# Steam Reviews 2021

## Table of Contents
<ol>
<li><a href="#intro"><strong>Introduction</strong></a></li>
    <ul>
        <li><a href="#Dictionary">Data Dictionary</a></li>
    </ul>
<br>
<li><a href="#Wrangling"><strong>Data Wrangling</strong></a></li>
    <ul>
        <li><a href="#Gather">Gather</a></li>
    </ul>
    <ul>
        <li><a href="#Assess">Assess</a></li>
            <ul>
                <li><a href="#Quality">Quality issues</a></li>
            </ul>
            <ul>
                <li><a href="#Tidiness">Tidiness Issues</a></li>
            </ul>
    </ul>
    <ul>
        <li><a href="#Clean">Clean</a></li>
            <ul>
                <li><a href="#Define">Define</a></li>
            </ul>
            <ul>
                <li><a href="#Code">Code</a></li>
            </ul>
            <ul>
                <li><a href="#Test">Test</a></li>
            </ul>
    </ul>

<a id='intro'></a>
## 1. Introduction

This notebook is a side notebook for the Data Wrangling part of our dataset.
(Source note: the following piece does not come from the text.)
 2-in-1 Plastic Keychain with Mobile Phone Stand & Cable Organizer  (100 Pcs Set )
We will explore, assess, and clean the original dataset, and export the cleaned version to be used directly in our main notebook.

<a id='Dictionary'></a>
### Data Dictionary
Here's a describtion for the attributes:
* What game was the review written for: app_id, app_name ;
* in what language was the review: language ;
* whether it recommends or not recommended;
* information about the review: review_id, review;
* the time review was written and the time it was updated: timestamp_created, timestamp_updated
* how useful the review was: votes_helpful, votes_funny, weighted_vote_score;
* how many comments (replies) were written on the review comment_count
* whether the author bought the game or received it for free: steam_purchase,received_for_free;
* whether the author wrote a review when the game was in pre-release: written_during_early_access.
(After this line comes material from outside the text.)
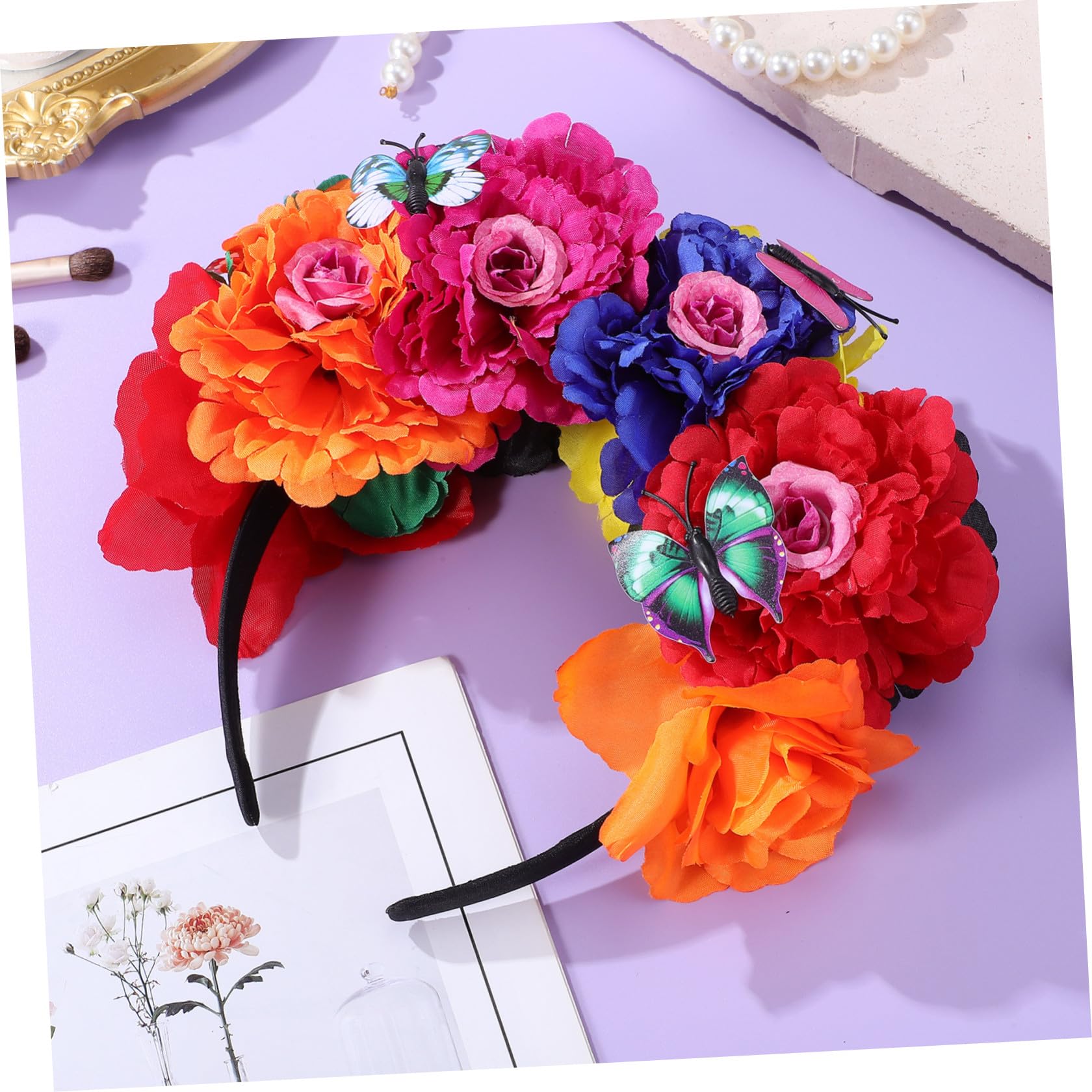 Cerchietto Floreale Donna in Plastica, Multifunzionale e Facile da Indossare, Corona di Fiori Delicata ed Elegante per Feste e Servizi Fotografici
* Information about the Author (steam account): their identification key: author.steamid;
* how many games he has: author.num_games_owned;
* how many reviews he wrote: author.num_reviews;
* how many hours he played in total: author.playtime_forever;
* whether he played in the last two weeks: author.playtime_last_two_weeks;
* how long he played the game to write a review: author.playtime_at_review;
* the date of his last game: author.last_played;

<a id='Wrangling'></a>
## 2. Data Wrangling
<a id='Gather'></a>
### a) Gathering the Data

Importing the necessary libraries

In [1]:
import numpy as np
import pandas as pd

import seaborn as sns
import matplotlib.pyplot as plt
%matplotlib inline


from datetime import datetime

Since the data is already ready on Kaggle and we don't need to scrap it neither download it from Steam API, we will just download it directly from Kaggle.

However, the size of data is 8 gigs so we have to either import only the necessary columns of or load it batch by batch. For the sake of first  exploration, I'll load all attributes except of review attribute which holds the string review of each entry. Such attribute takes so much unecessary storage that we don't need at all.

Now, we can work on just 3 gigs of storage for the entire dataset. After, analyzing the data and define the major issues and clean them. I will work only on the necessary attributes to address each question in our EDA instead of working with the whole data including the unncessary attributes.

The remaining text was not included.